Two distinct means of limiting collective power have been proposed and tried. First, there have been various institutional devices which are designed to restrict overall collective interferences with individual rights. The Roman republic attempted to share executive power among two or more officials appointed simultaneously to the same position. Medieval Europe opposed a decentralized feudal nobility against a centralized church and, later, against the emerging nation-states. Montesquieu discussed effective division and separation of state power along procedural lines. The Swiss have used federation effectively in keeping their society more or less free for centuries.

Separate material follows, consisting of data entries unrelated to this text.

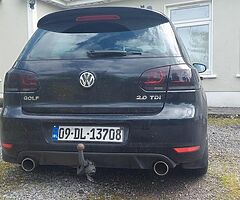 VW Golf mk6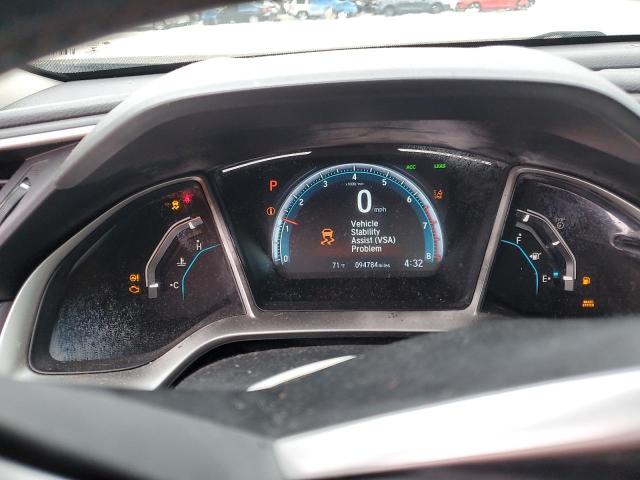 19XFC1F90HE027991 2017 HONDA CIVIC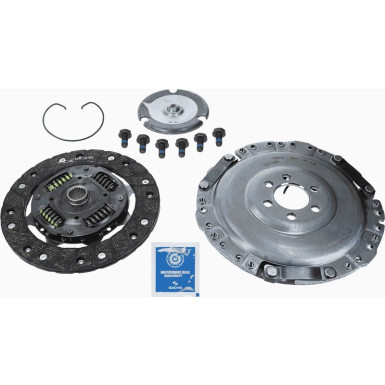 SACHS Kupplungssatz 3000 605 001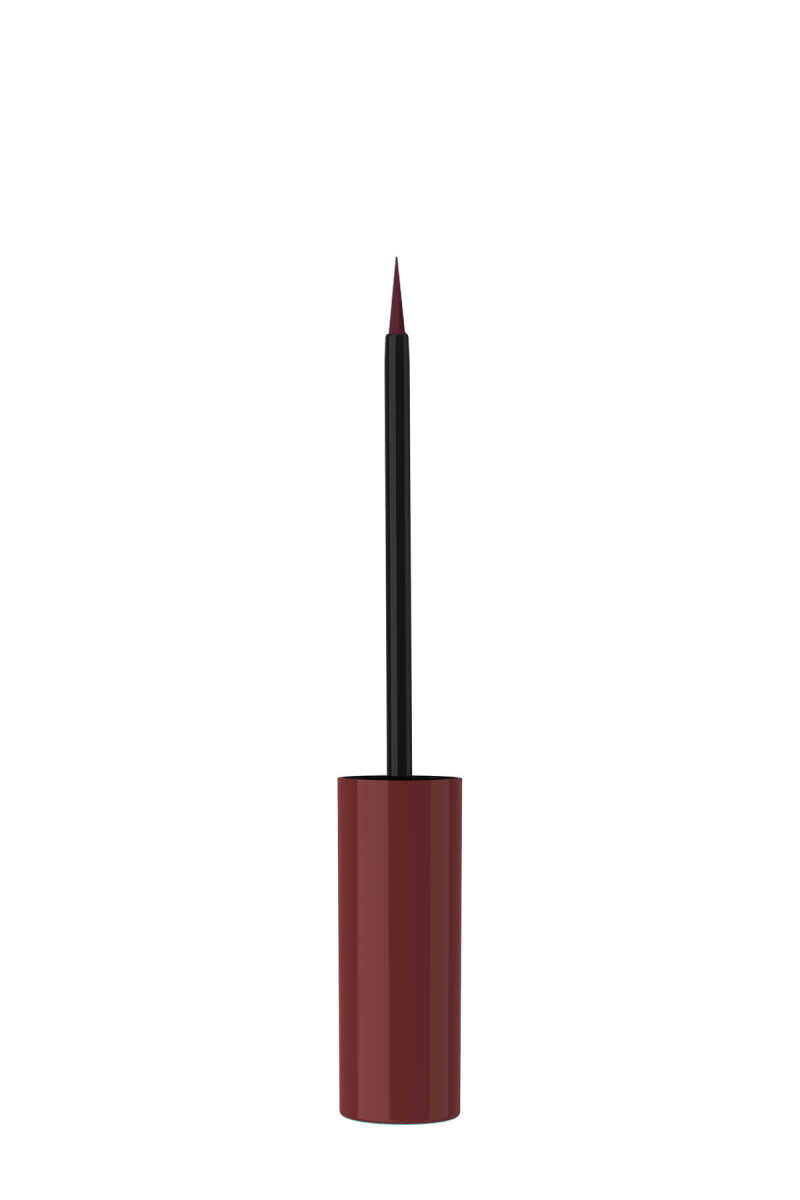 Golden Rose Flash Liner Colored Eyeliner in 110 Burgundy 3.5ml by Beauty Care Bag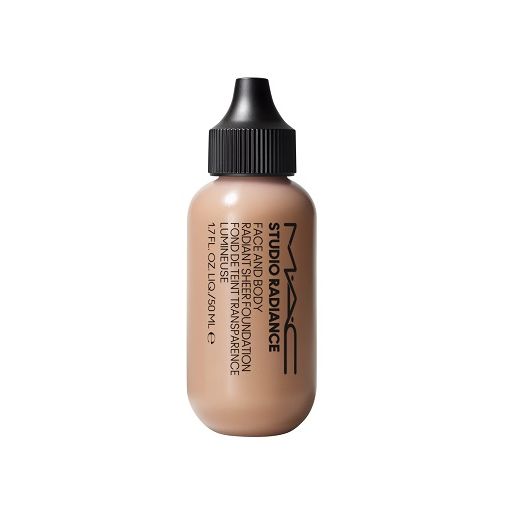 Mac Studio Radiance Face And Body Radiant Sheer Foundation (Tonālais krēms)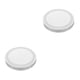 thumbnail image 3 of Monstrate Wireless Charger Portable Replacement Universal Fast Phone Protection Smart Charging Electronics Chargers Overtemperature Blanco 2Conjunto, 3 of 6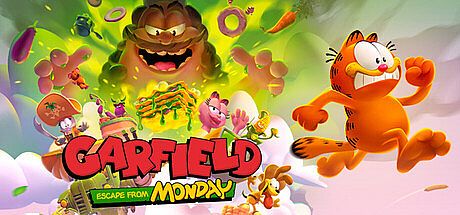 Garfield - Escape from Monday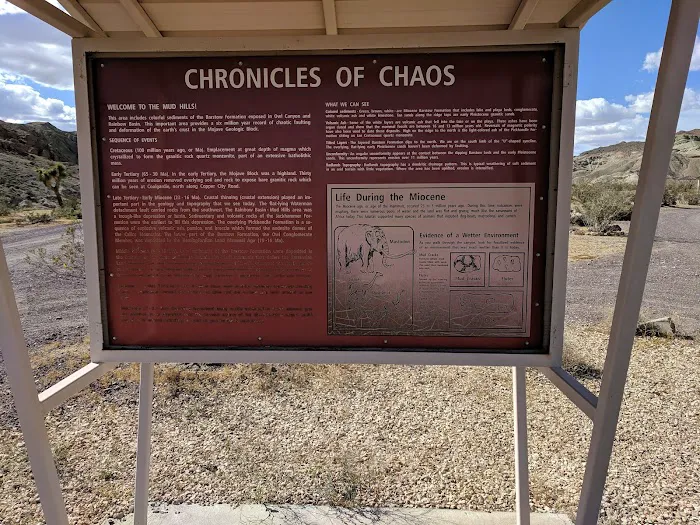 Rainbow basin camp ground Picture 5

Second, there has been the explicit promulgation of the mystique of some “higher law,” one that guides the actions of sovereigns as well as ordinary men. This, too, has taken many forms. The tablets of Moses and the Book of Mormon provide ancient and modern examples of “laws” derived from God. Philosophers have searched for “natural laws” that are inherent in man himself, laws that might be applied as norms for collectivities. Scholars of the Enlightenment evoked the social contract to explain the origin as well as the limits of governmental powers. The written constitution, carrying with it a specified historical date, presumably had as its primary objective the offering of some predictable stability concerning the limitations of state power. Heritages of the institutional devices and of the sources of mystique are mixed variously in the social orders of Western collectivities. In the United States, the Founding Fathers joined Montesquieu’s separation of powers to the federal principle and attempted to secure these by a written constitution which reflected both contractarian and natural law presuppositions.

About this Quotation:

The fundamental problem in political theory, as Buchanan is very well aware, is two-fold: there is a pressing need for some kind of “enforcing agent” which will protect the individual from violations of his/her liberty and property rights, and following on from this there is the problem of how to ensure that any “enforcing agent” which is chosen does not in its turn become a violator of the very same liberty and property rights it was originally set up to protect? In the ancient Latin formulation of the problem “Quis Custodiet Ipsos Custodes?” [who will guard us from these guardians?]. The solution to this problem which emerged in the 18th and 19th centuries in western Europe and North America was constitutional government which was accountable to the people, strictly limited in its powers, and a rule of law based upon notions of individual liberty and private property. By the time Buchanan was writing these words in the mid-1975s the experiment in limited constitutional government was starting to unravel and the kind of states which were emerging in the 1970s were more like “the leviathan” state described by Thomas Hobbes in the 1650s than the very limited states envisages by classical liberals in the 18th century. Buchanan then reframed the question – “How can Leviathan be chained?” – and sought an answer in the application of economic insights to the study of political and bureaucratic behaviour. As he states a bit further on in this quotation, he called for a “constitutional revolution” based upon public choice economic theory in order to put the 18th century experiment on a sounder footing.